Scapegoating: Keir Starmer miscalculated Morgan McSweeney resignation


00:30 Mon, 09 Feb 2026

People won't be fooled by the resignation of Morgan McSweeney today. McSweeney may well have generously and courageously offered the resignation to save his boss in the short term. Starmer had the choice and could have chosen to fall on his own sword instead.

McSweeney is Irish and the Irish have been used as scapegoats before. People are alert to that phenomena.

More significantly, the Epstein saga is far from over. Bigger heads may yet have to roll anyway. In that case, McSweeney's resignation may have been a wasteful loss of a talented employee. McSweeney may have had a useful role helping the party recover but now his name is tainted by this affair. It may have been better for somebody more senior, perhaps Starmer himself, to accept the blame immediately.

Other employees of the British Labour Party may well be demoralised by the situation, especially if subsequent inquiries reveal that more senior elected officials had known just as much or more about this affair.
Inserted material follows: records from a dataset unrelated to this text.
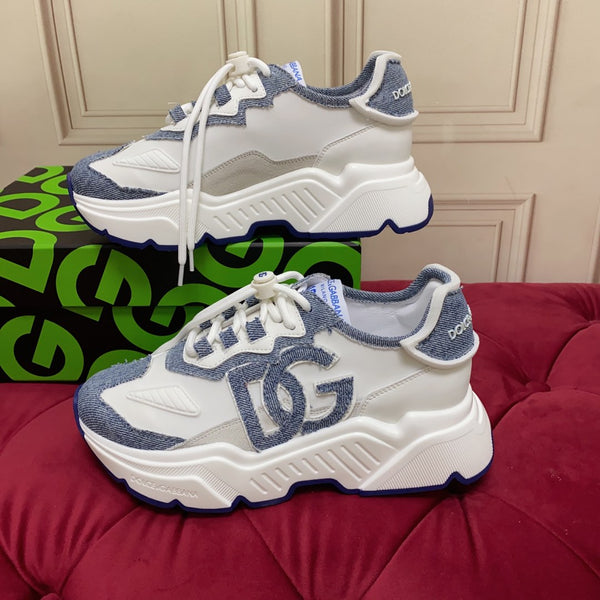 DC 24 Daymaster Sneakers White Blue Cowhide & Demin 167335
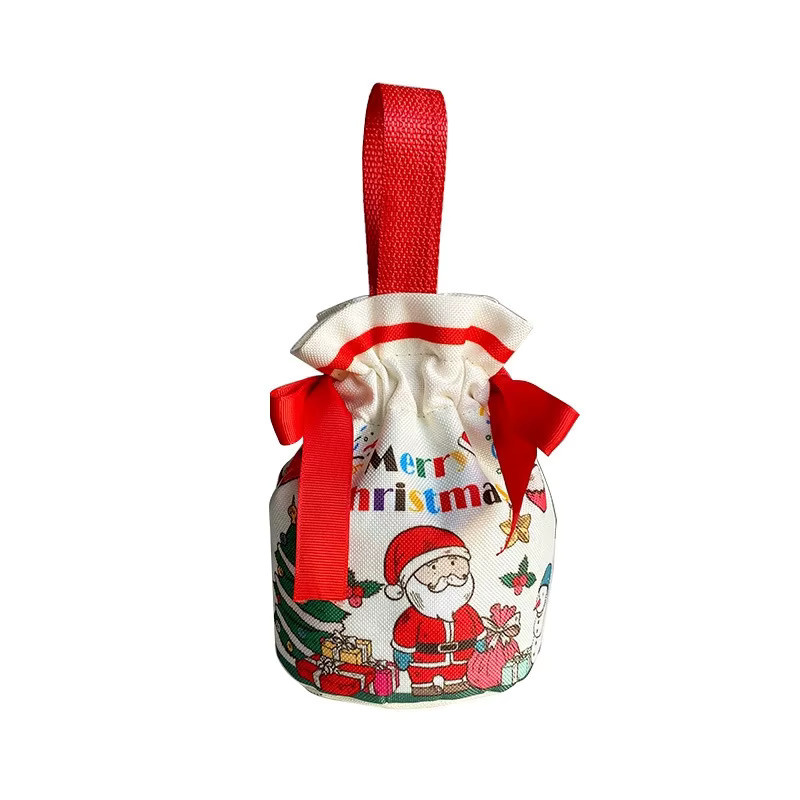 Tragbare Weihnachtsgeschenktüte aus Segeltuch mit Kordelzug in Rot für Süßigkeiten und Schmuck - Bild 2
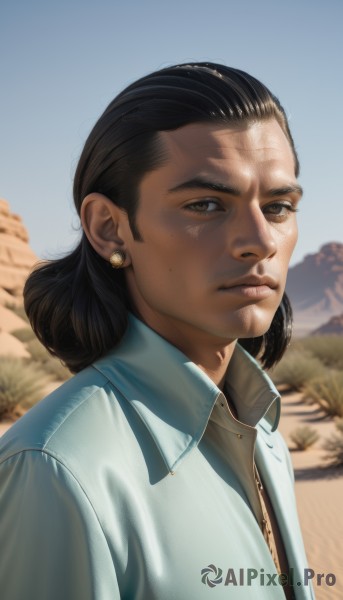 solo,looking at viewer,shirt,black hair,1boy,brown eyes,jewelry,closed mouth,white shirt,upper body,male focus,earrings,outdoors,sky,day,collared shirt,dark skin,medium hair,hair bun,mole,blurry,blue sky,lips,blurry background,freckles,realistic,nose,desert,1girl,jacket,dark-skinned female,scar,portrait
Its worth remembering Keir Starmer's former role as director of the Crown Prosecution Service (CPS), equivalent to the District Attorney in the United States. When Starmer had that role, for better or worse, he introduced the policy that police have to believe every person who presents themselves as a victim of abuse. He expected every report would be investigated, checked and checked again.

Despite introducing this rigorous policy in the CPS, his own administration has failed to be equally thorough in vetting one of their most senior and high profile employees, the ambassador to the United States.